I would be remiss in going any further in this review without calling out the top reason you should see
The Fighter: Christian Bale. Bale has shown time and time again why he's one of the absolute finest actors in the game, while unbelievably never receiving an Oscar nod. If there is a role for which such an award nomination (and win, in my opinion) should be warranted, it is Bale's portrayal of Dicky Eklund here.
Firstly, and worth mentioning, Bale manages to achieve what most actors in "Boston" films never seem able to do: pull off a believable accent. Lowell is a very different place from Boston, and Bale gets the nuance down to a science. The Boston accent thing is a small pet peeve, but one that riles me up something fierce, so I was happy that the two leads here (Wahlberg coming to it naturally as a local) sounded believable.
More importantly, Bale seemed to completely disappear into the character of Dicky. I've personally spent a fair amount of time around Lowell and other such localities, and the degree to which Dicky was
instantly recognizable and authentic was astounding. I could go to a bar a block away from my apartment and meet three dudes just like that. Apart from capturing that local flair, what was remarkable was Bale's ability to balance the drug-addled, burnt out side of Dicky while allowing glimpses of his true, lovable personality to shine through. That was so key to the success of this story.
The rest of the cast serves the film quite admirably as well.
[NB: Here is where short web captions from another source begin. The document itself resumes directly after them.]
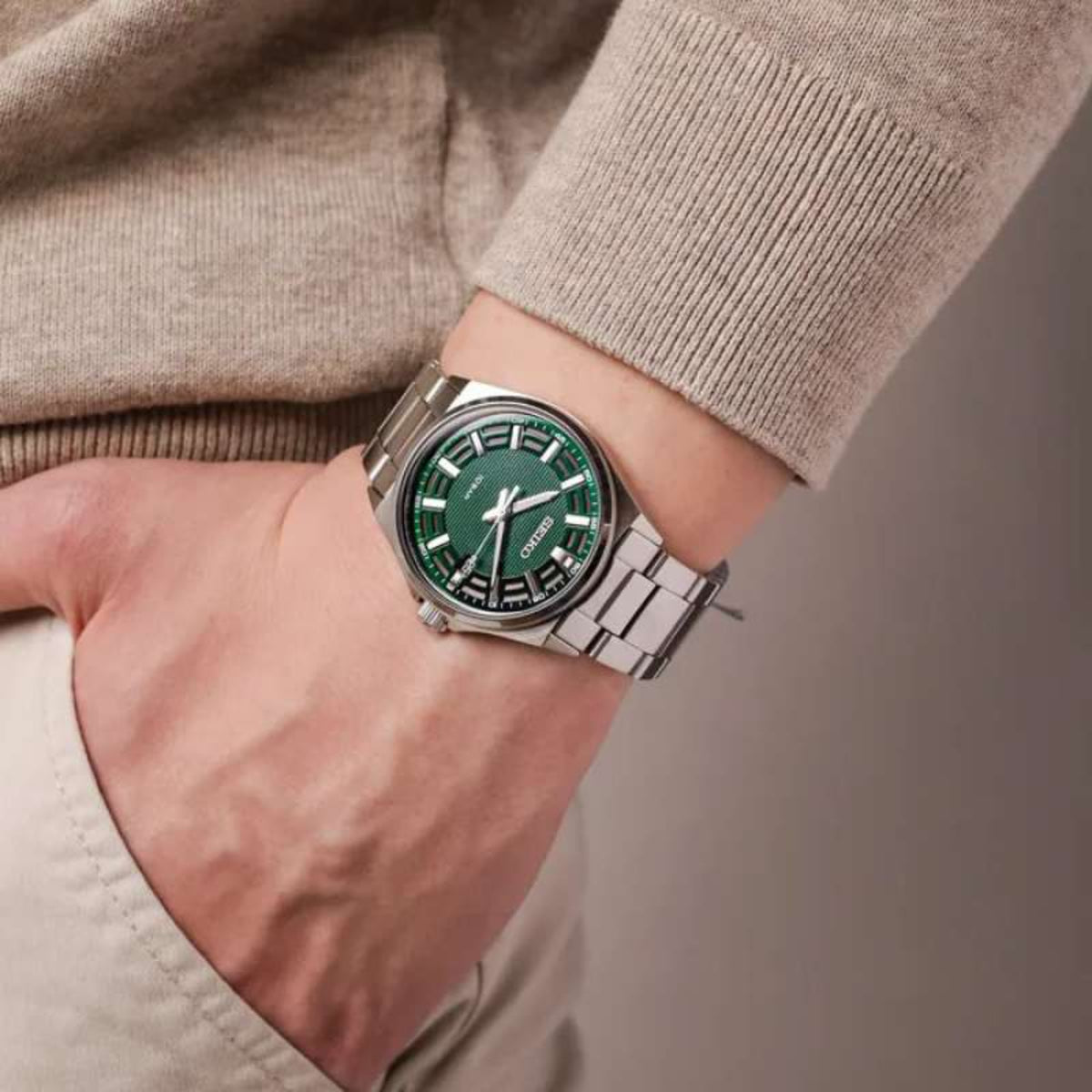 On-wrist lifestyle shot of the Seiko Essentials SUR503P1 quartz timepiece with a men's casual outfit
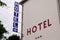 Hotel light arrow sign blue and red text and three stars on Building in tourist city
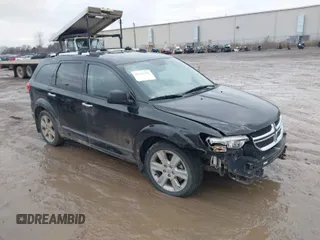 2013 Dodge Journey R/T with VIN 3C4PDDFG7DT724534, listed as a IAAI auction lot 41161346 with 175,606 mi miles and . Bid and sale history available at DreamBid. Image 1.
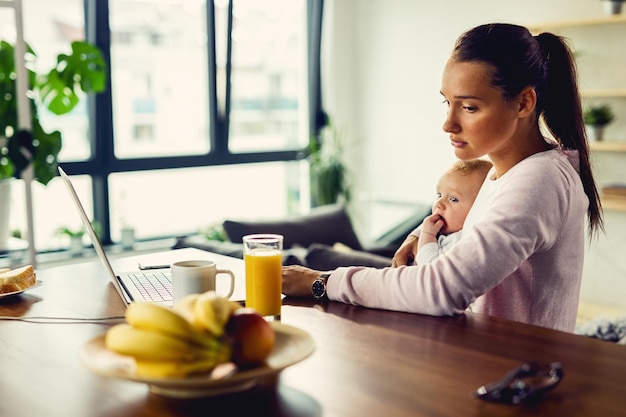 Displeased mother with a baby thinking of something while experiencing postnatal depression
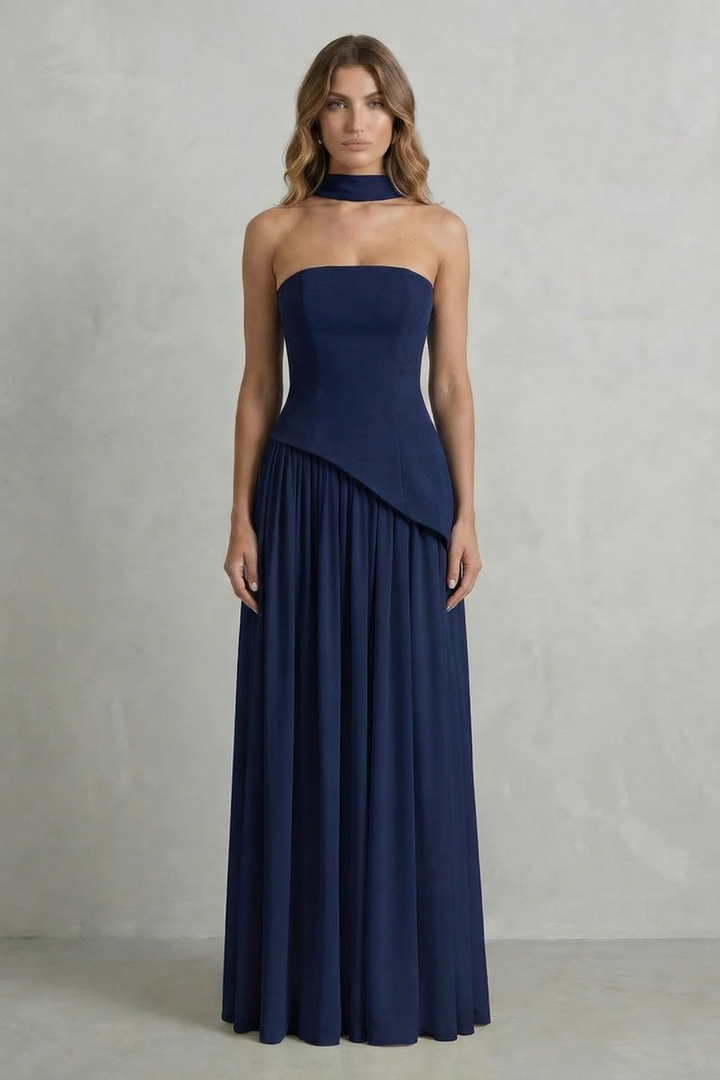Navy strapless draped maxi dress with diagonal overlay and gathered pleat skirt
While Mark Wahlberg has never quite grabbed me as a leading man in his previous work, I've always enjoyed him when he lands a role that plays to his strengths. One of those strengths is playing a Boston local, and the role of Micky Ward has many parallels to Wahlberg's own life. Both grew up in very tough Massachusetts neighborhoods, and both were one of nine children. It's clearly a role Wahlberg could relate to, and it shows on screen. Most importantly he's not an actor capable of upstaging the likes of Christian Bale. While on its face the story is Micky's, it's just as much the story of Dicky's struggle with addiction and redemption. Had Wahlberg not been willing to play second fiddle to the powerhouse of Bale, it could have become a muddled mess.
For as much as
The Fighter does right, there are missteps. The cadre of Micky and Dicky's sisters were handled poorly, portrayed more as a brainless gang of white trash caricatures, only good for comic scenes of shit-talking and girl-fighting. While I totally bought some of the actresses individually, the group was treated as one single, dumb character, which seemed antithetical to the realism of the rest of the film.
Another gripe: the way things come together towards the end seemed rushed and forced. There were resolutions between characters that needed to happen to take the final step in the story, but they were done so hastily as to, again, break the ongoing themes of realism the rest of the film fought so hard to deliver.
What really sets
The Fighter apart from the other films I mentioned at the start of this review is the dual storyline of Micky and Dicky. Micky's story would have been enough for a decent boxing movie. But the second storyline of Dicky coming to terms with his addiction and moving on from his former glory years added a much more compelling element to this film. If the performances of Bale and others aren't enough to entice you,
David O. Russell's shooting of the actual boxing action is also superbly done and a worthy draw in itself, if you don't care for that deep stuff.
The man in front of me at the theater kept shouting during the previews (possibly into the bluetooth headset crammed into his ear), "Bring on the Rocky shit!" and he certainly left happily when it was over.